_Extracted information_

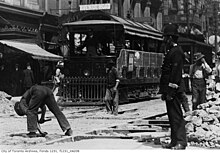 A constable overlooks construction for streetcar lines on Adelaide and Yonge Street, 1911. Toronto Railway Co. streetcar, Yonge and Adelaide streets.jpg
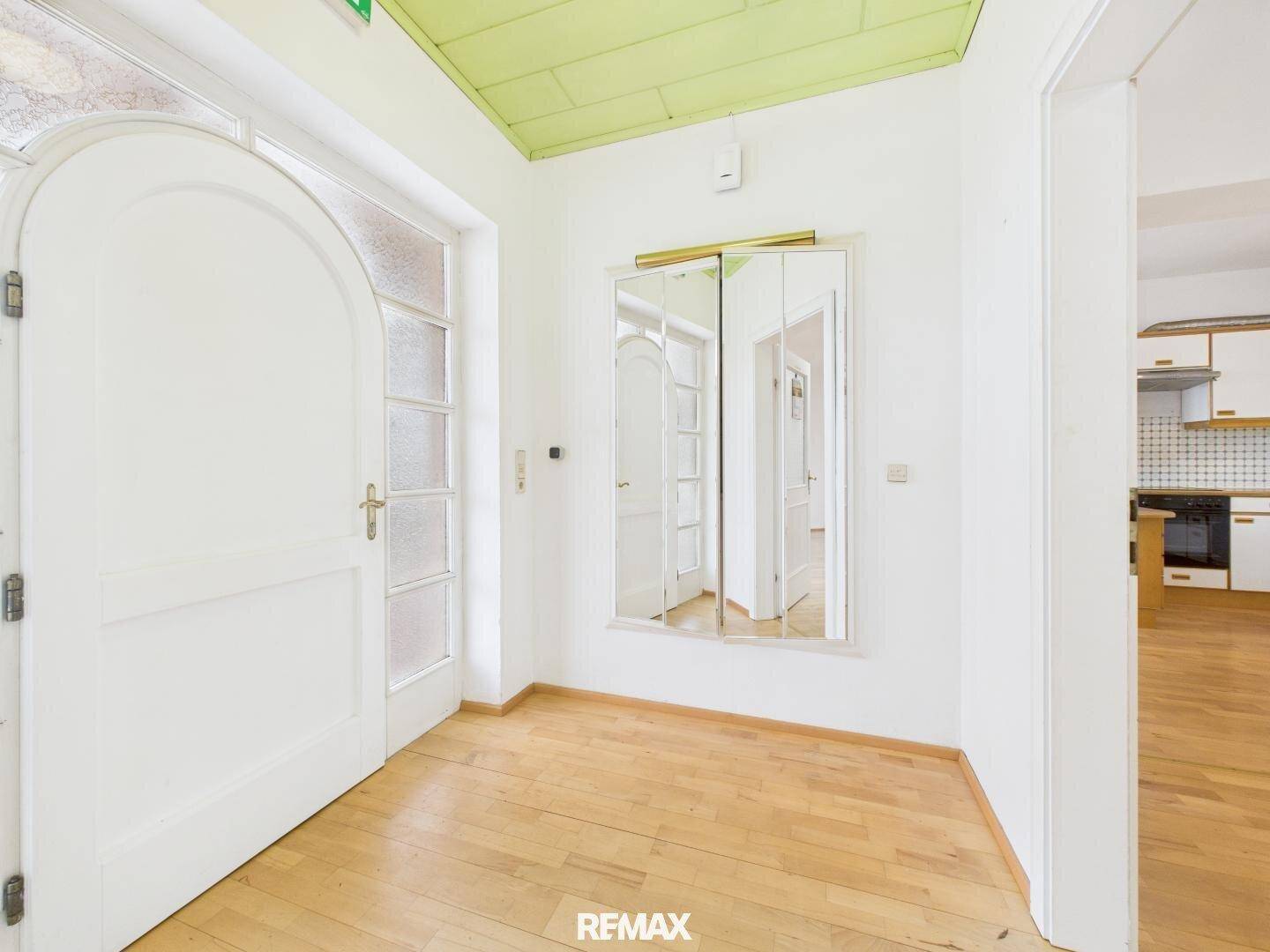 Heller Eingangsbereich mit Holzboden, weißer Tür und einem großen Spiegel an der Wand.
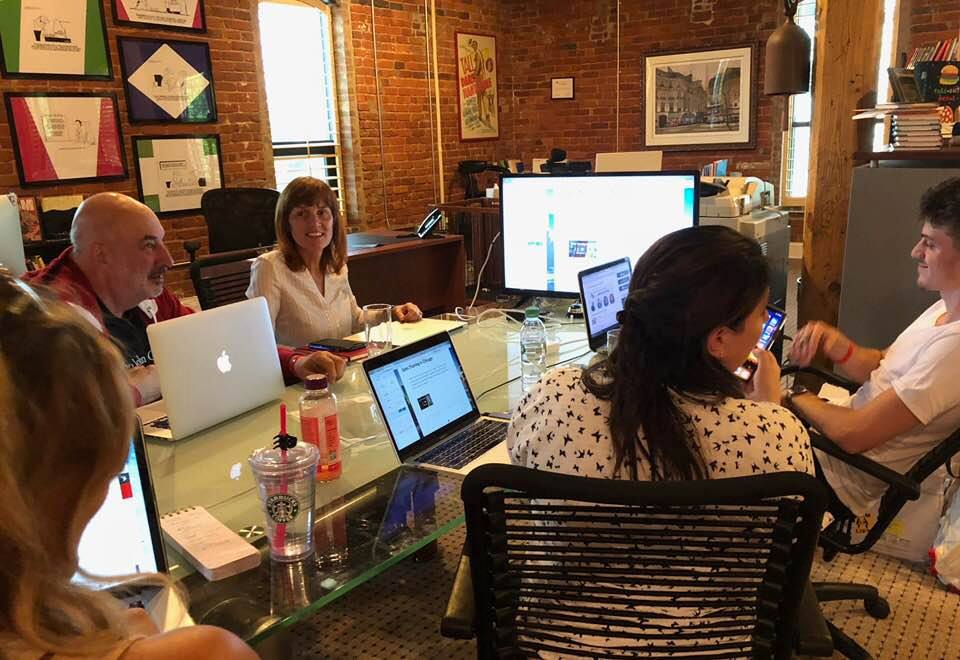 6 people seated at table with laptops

---

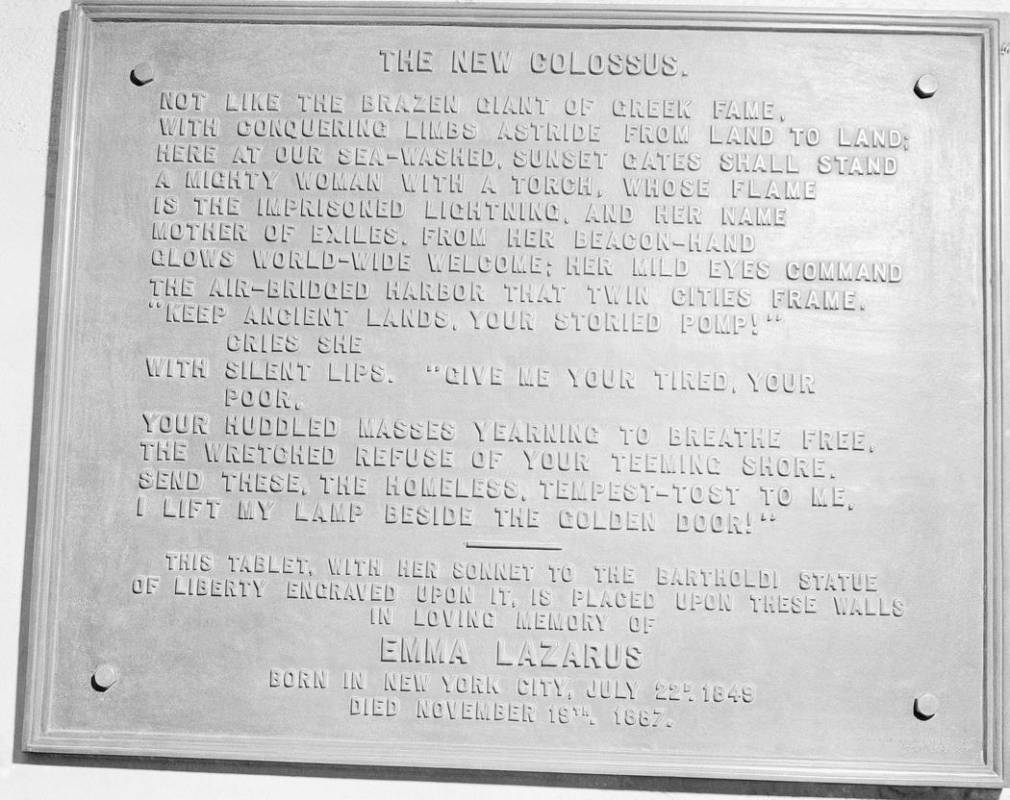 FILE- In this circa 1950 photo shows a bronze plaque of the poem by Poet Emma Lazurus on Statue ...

_Task to carry out_
Reproduce the records above exactly, but only from the line with "Heller Eingangsbereich mit" up to and including the line with "6 people seated at table with laptops". Leave the pictures out.

_Written answer_
 Heller Eingangsbereich mit Holzboden, weißer Tür und einem großen Spiegel an der Wand.
 6 people seated at table with laptops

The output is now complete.